Andromeda is still in production five years after it began, and seems to have a long, complicated, and not easily understood plot line involving different universes where things are similar but not quite the same.  If you're like me, and you watched the first few episodes, then tuned in again in the 4th, you're entirely lost.  That's why it's helpful that the series is now coming out on DVD.  I'm going to have to get that one of Keith Hamilton Cobb (as Tyr Anasazi) in the aforementioned Flying Dutchman episode.  I mean, a show that has an entire group of human beings subscribing to the philosophy of Nietzsche has got something going on!

Well, I suppose the Nazis might qualify, but let's not go there.  :)

Thursday, October 7, 2004

Man Bites Dog

Once in a while, lawyers get what's coming to them.  And yet, he's still such a lawyer, he's still defending the client that attacked him in public.  Go figure.

Maybe that's the point behind these "activist judges."  You just have to stop and remember that judges are really just lawyers in drag.

Tuesday, October 5, 2004

Sacrificing Virgins

With Mt. St. Helens burping, farting and otherwise getting frisky, the time has come to seriously consider which virgin we should sacrifice to the volcano in order to appease the fire god who lives within. 

These days, it's awfully hard to come up with anyone who (i) really is a virgin and (ii) deserves to be sacrificed to the god.

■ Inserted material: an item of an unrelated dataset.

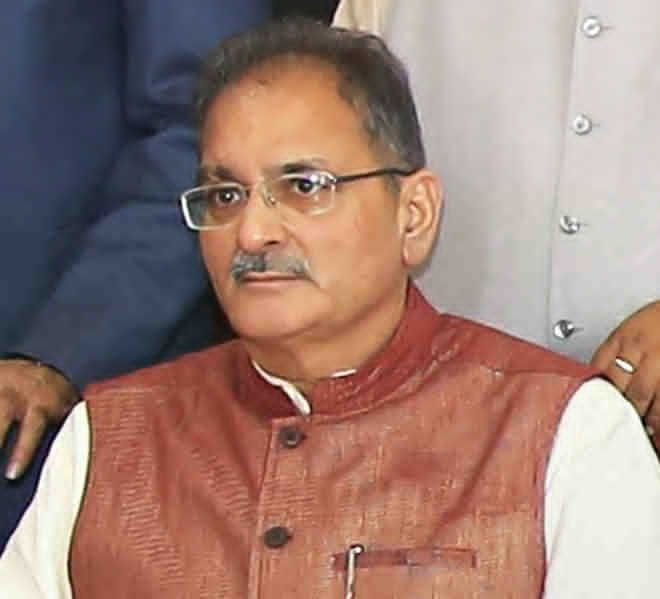 BJP Supports UAPA Charges Against Students for Raising Anti-India Slogans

So, we might have to be somewhat metaphorical with regard to virginity requirement.  That certain someone has to at least project an attitude of purity.  So, with that less rigorous standard in mind, my first choice is Rick Santorum.  My second choice would be Arnold Schwartzenegger.  My third choice would be the entire state of Utah.  "This way to the caldera, ladies and gentlemen!"

Monday, October 4, 2004

Another Seattle Nobel Winner

Congratulations to Dr. Linda Buck of the Fred Hutchenson Cancer Research Center for winning the 2004 Nobel Prize for Medicine

In other news: Mt. St. Helens is active again this morning, and Bob Melvin, the manager of the Seattle Mariners, has been fired. 

Sunday, October 3, 2004

Nader: Suffering Rosacea

Man, get a load of Ralph Nader's rosacea.  That's a skin condition that causes reddened welts on the nose and cheeks of the sufferer.  It's not a happy thing, certainly, and I wonder whether stress can intensify an outbreak.  My father suffers from it, and it's hard to bring under control.

But more to the point, Nader says he wants to break up the two-party system.  This may or may not be a good thing.  On the pro side, it would certainly end the "imperial" presidency.  How can someone behave as president Bush has behaved, ignoring the opposition, when they were elected with as little as 34% of the vote?

The one thing that makes the presidency such a powerful office is the two party system, where someone is elected, perhaps in a landslide, but certainly with a clear majority.  Add a third party would mean that the president could be elected with less than a majority of the American vote.  That would have extreme implications for the office of the President.  He (or she, but not likely) would then be more or less forced into consensus building.  Actually, with the track record of our current president, maybe that wouldn't be such a bad thing after all. 

But not in this election.  Don't vote for Nader.

Friday, October 1, 2004

When's She Gonna Blow?

The rumblings just keep on coming.  Mt. St. Helens is waking up and getting ready to clear her throat.  When do you suppose?  My prediction is for sometime after noon on Monday. 

Ichiro is now within one hit of tying George Sisler's record.  We predict he will get two hits tonight in order to set a new record but also so as not to overshadow Edgar Martinez' retirement party tomorrow.  Ichiro is a sportsman and a gentleman.